Humans create. We build things. We develop tools. We construct buildings. We write music. We write poetry. We knit. We cook. We run races. We create and give awards. We celebrate accomplishments—creating memorials and days of remembrance.
And this is all well and wonderful. But you will notice a subtle change when actually examining artists, musicians and artisans as they create. Human creators, when speaking about their work, are often tortured souls. There is a tension and sense of sacrifice when an artist gives birth to a creation—and even that analogy—giving birth—brings up images of pain and blood in the ushering in of new life into the world.
Sometimes, when listening to artists as they describe their projects, I’ll hear phrases like, “I poured my soul into it” or “I gave it everything I had.”
Is this healthy? Should we creators feel so connected to what we create?
I’m not saying there should be no connection, but perhaps less? Naturally, God feels some connection to his creation—he gave his son at great sacrifice to reconcile it and loves us immeasurably. That’s another topic entirely. But have you ever considered that God is not defined by his creation? Love it as he may (and does), God’s identity is not bound to creation.
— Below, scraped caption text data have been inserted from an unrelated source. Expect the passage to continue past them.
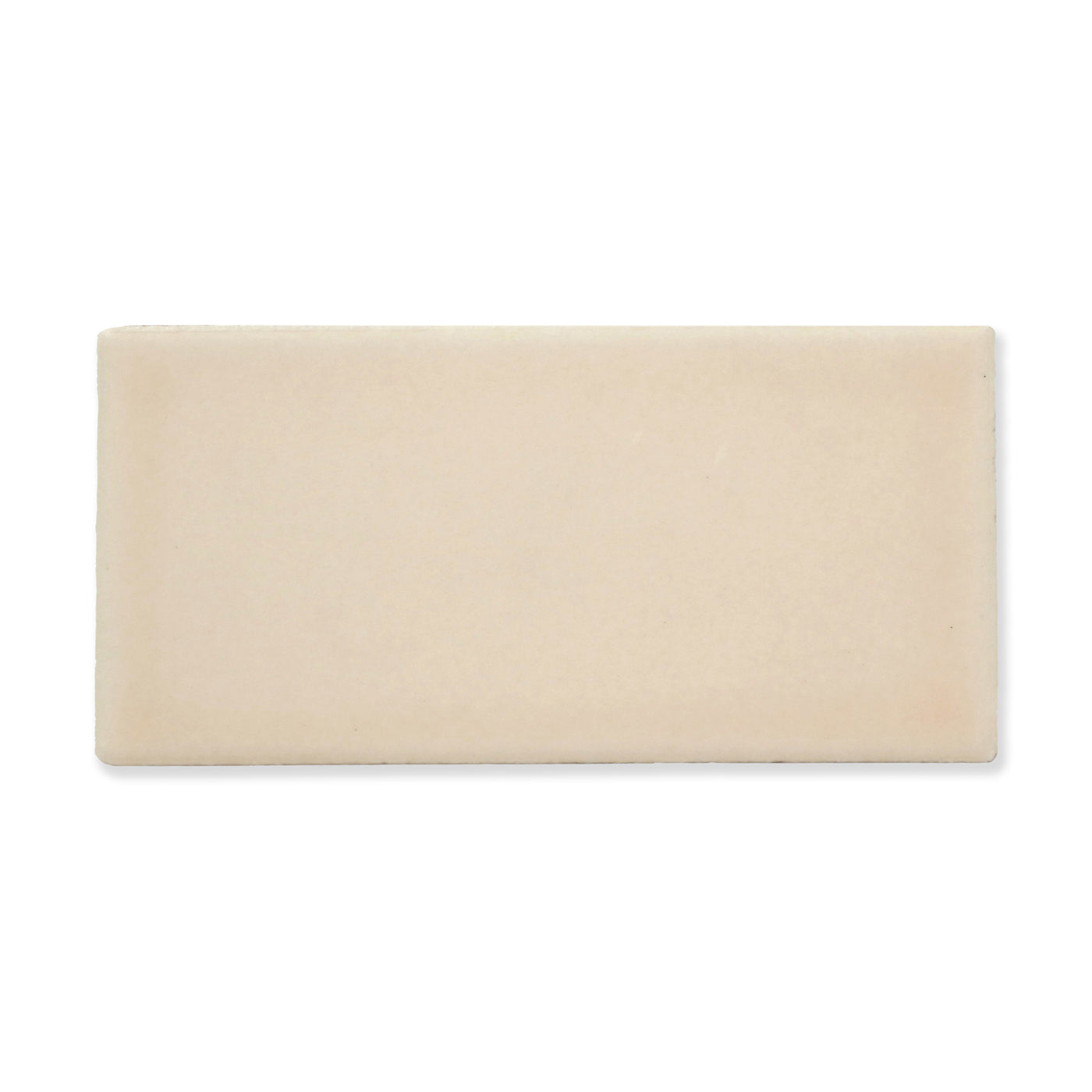 Hue Ceramic Tile Shown In Blush with Glossy Finish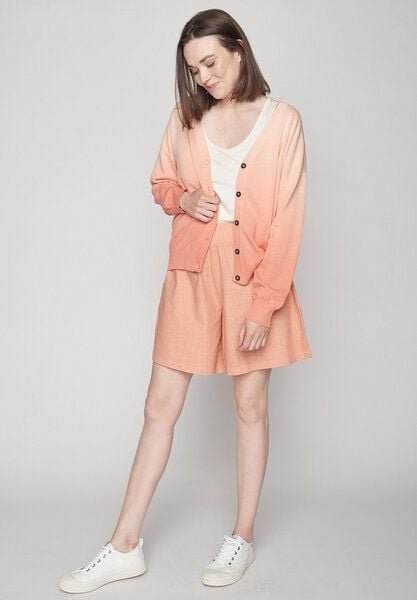 GREENBOMB Basic Chic - Gemütliche Strickjacke aus Bio-Baumwolle / Fair & Vegan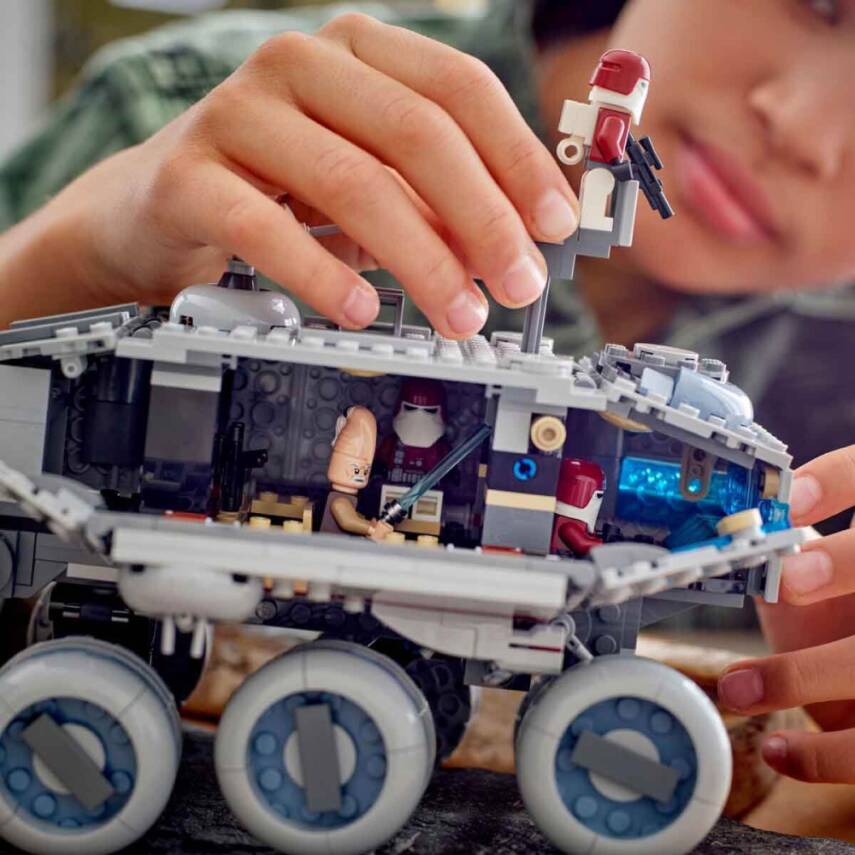 LEGO Star Wars: Klon Savaşları Cumhuriyet Juggernaut 75413 - 8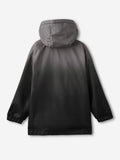 TSS Originals: Raven Black (Ombre) Boys Zipper Hooded Jackets (2-8 Yrs)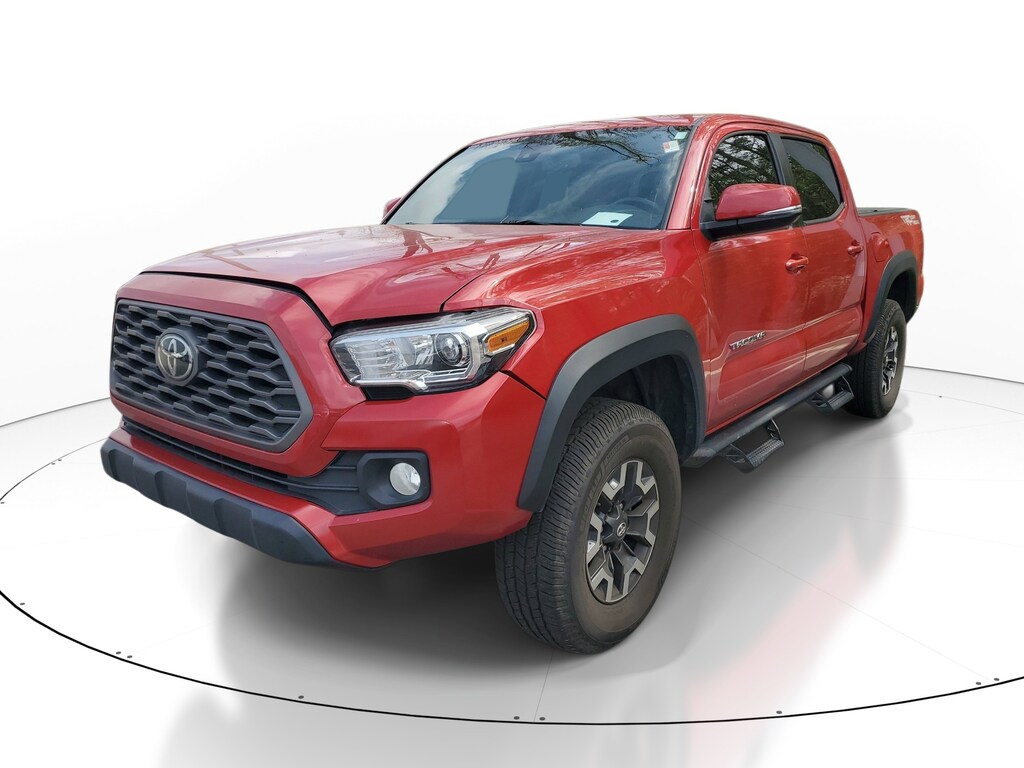 Used 2022 Toyota Tacoma SR5 V6 Truck Double Cab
When creation succeeds or fails in terms of expressing the larger good, God is still God, regardless. Our acceptance or rejection of him doesn’t make him lose sleep. Our failure to treat others with justice and compassion doesn’t make him less just or compassionate.
So, as amateur creators (amateur in compared to the Almighty), should we, as we create, feel as connected to our work as we often do? As I write this blog, or work on a novel, or pen an essay…should I allow myself to feel such elation or utter defeat when it is praised or denounced in public reception?
Because, let me tell you, one of the hardest things I had to do as a teacher of journalism was to instill in my students the idea that my rejection of their stories was not a rejection of their person. I can’t tell you how many times I saw students deflated and beaten down when I had to tear apart their work. I did it out of love—an editor who needed to correct the grammar and structure of a burgeoning writer’s first steps. Correcting spelling and grammar was necessary for success in their careers. However, it was very surprising how personally most of my students took my criticism.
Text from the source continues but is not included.